Using filter-repo is relatively simple, but rewriting history is part of a larger discussion in terms of collaboration. When you rewrite history, the old and new histories are no longer compatible; if you push this history somewhere for others to view, it will look as though you've done a rebase of all branches and tags. Make sure you are familiar with the "Recovering from upstream rebase" section of git-rebase(1) (and in particular, "The hard case") before proceeding, in addition to this section.

Steps to use filter-repo as part of the bigger picture of doing a history rewrite are roughly as follows:

  1. Create a clone of your repository (if you created special refs outside of refs/heads/ or refs/tags/, make sure to fetch those too). Note that --bare and --mirror clones are supported too, if you prefer.

  2. (Optional) Run git filter-repo --analyze. This will create a directory of reports mentioning renames that have occurred in your repo and also listing sizes of objects aggregated by path/directory/extension/blob-id; this information may be useful in choosing how to filter your repo. It can also be useful to re-run --analyze after filtering to verify the changes look correct.

  3. Run filter-repo with your desired filtering options. Many examples are given below. For more complex cases, note that doing the filtering in multiple steps (by running multiple filter-repo invocations in a sequence) is supported. If anything goes wrong here, simply delete your clone and restart.
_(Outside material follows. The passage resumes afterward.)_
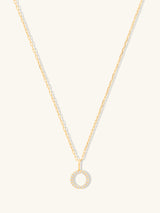 Petite Circle Diamond Pave 14K Solid Gold Necklace | Wanderlust + Co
  4. Push your new repository to its new home (note that refs/remotes/origin/* will have been moved to refs/heads/* as the first part of filter-repo, so you can just deal with normal branches instead of remote tracking branches). While you can force push this to the same URL you cloned from, there are good reasons to consider pushing to a different location instead:

    1. People who cloned from the original repo will have old history. When they fetch the new history you force pushed up, unless they do a git reset --hard @{u} on their branches or rebase their local work, git will think they have hundreds or thousands of commits with very similar commit messages as what exist upstream (but which include files you wanted excised from history), and allow the user to merge the two histories, resulting in what looks like two copies of each commit. If they then push this history back up, then everyone now has history with two copies of each commit and the bad files have returned. You're more likely to succeed in forcing people to get rid of the old history if they have to clone a new URL.

    2. Rewriting history will rewrite tags; those who have already downloaded tags will not get the updated tags by default (see the "On Re-tagging" section of the git-tag(1) manpage). Every user trying to use an existing clone will have to forcibly delete all tags and re-fetch them; it may be easier for them to just re-clone, which they are more likely to do with a new clone URL.

    3. Rewriting history may delete some refs (e.g. branches that only had files that you wanted excised from history); unless you run git push with the --mirror or --prune options, those refs will continue to exist on the server. If folks then merge these branches into others, then people have started mixing old and new history. If users had already cloned these branches, removing them from the server isn't enough; you need all users to delete any local branches based on these refs and run fetch with the --prune option as well. Simply re-cloning from a new URL is easier.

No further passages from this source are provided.